A cup of tea.

There are very few people out there that I specially want to meet. Talking to ordinary folk on the bus or the beach is enough. When I hear an interview with Professor X on the radio, or read a posting by Joe Bloggs, I am glad to know them that much, but only rarely think, I’d like to meet you.

I regret never having met John Cage. I have no idea what I would have said to him, but every report I have ever read suggests he was wonderfully easy to talk with, a man with no pretension or prejudice. His writings, films, and recordings are deeply inspiring and I regard him as an unintentionally significant figure in West Coast Buddhism—although Simon Wickham-Smith and I disagree over his ‘place’ in Zen.

Here are some available resources on the net:

Ubuweb’s Cage sections: film, sound, historical. Recently they have also put up a long film.

There is a mailing list for Cage studies, called Silence-L.
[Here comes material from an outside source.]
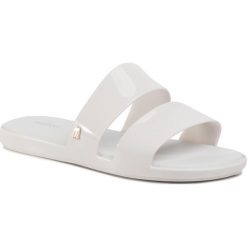 Klapki MELISSA - Color Pop Ad 32799 White 50596. Białe klapki damskie Melissa, bez wzorów, z tworzywa sztucznego, bez obcasa. Za 259,00 zł.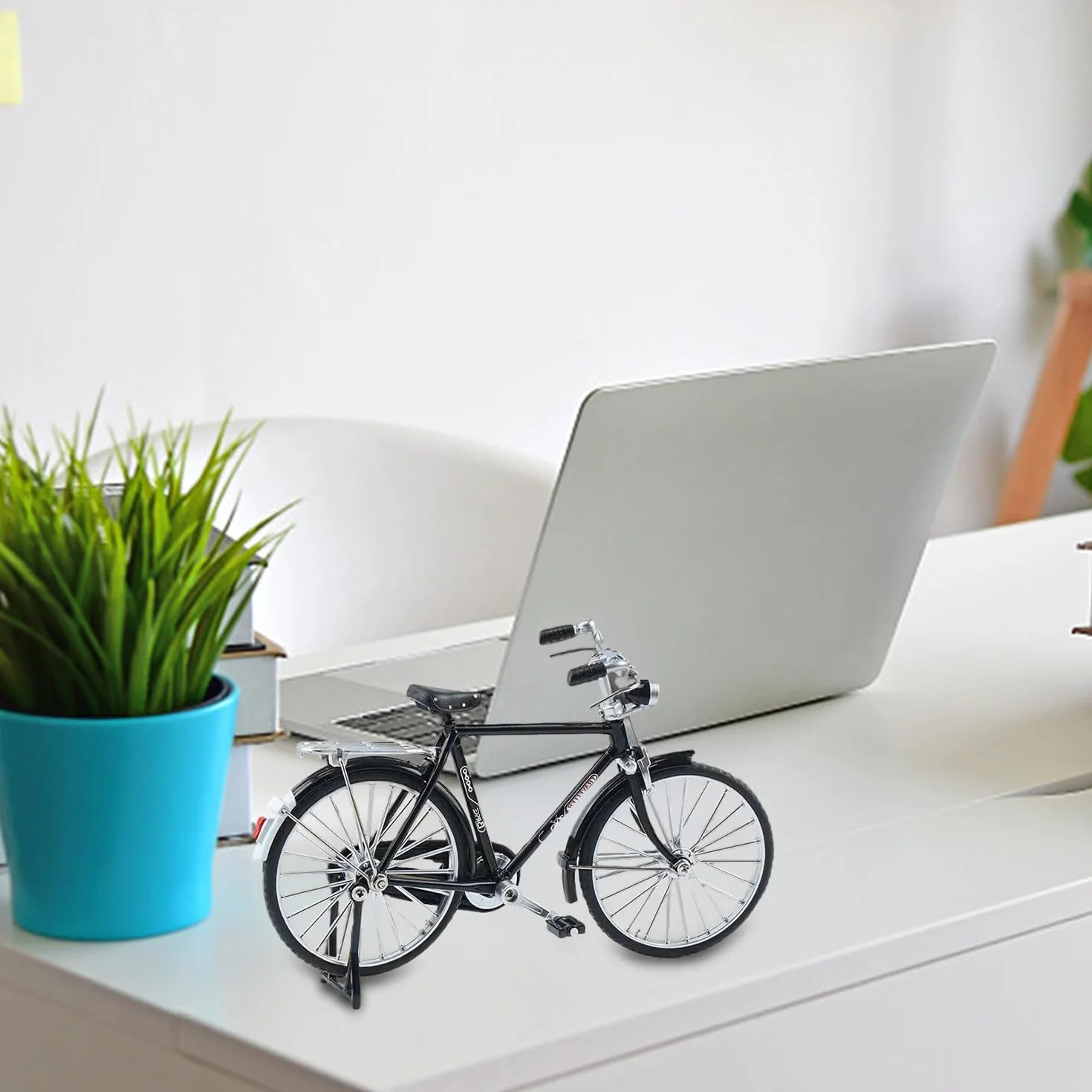 MEMOFYND - Kit de modelo de bicicleta retro de 1 pieza, réplica clásica de bicicleta de dedo, viene con bomba, cesta y maletín, apto para adultos y niños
It’s also a good thing to celebrate a Cage Day in any year when it is possible. On this day, a group of people agree to use a toolkit for chance determinations that will guide their actions for that day – so, for example, one might use avispexy (assuming there were birds to be seen) to guide which direction one travelled, how far, and by what means; then again to decide what one did en route or on arrival (sing, dance, write, interview, sit quietly &c.).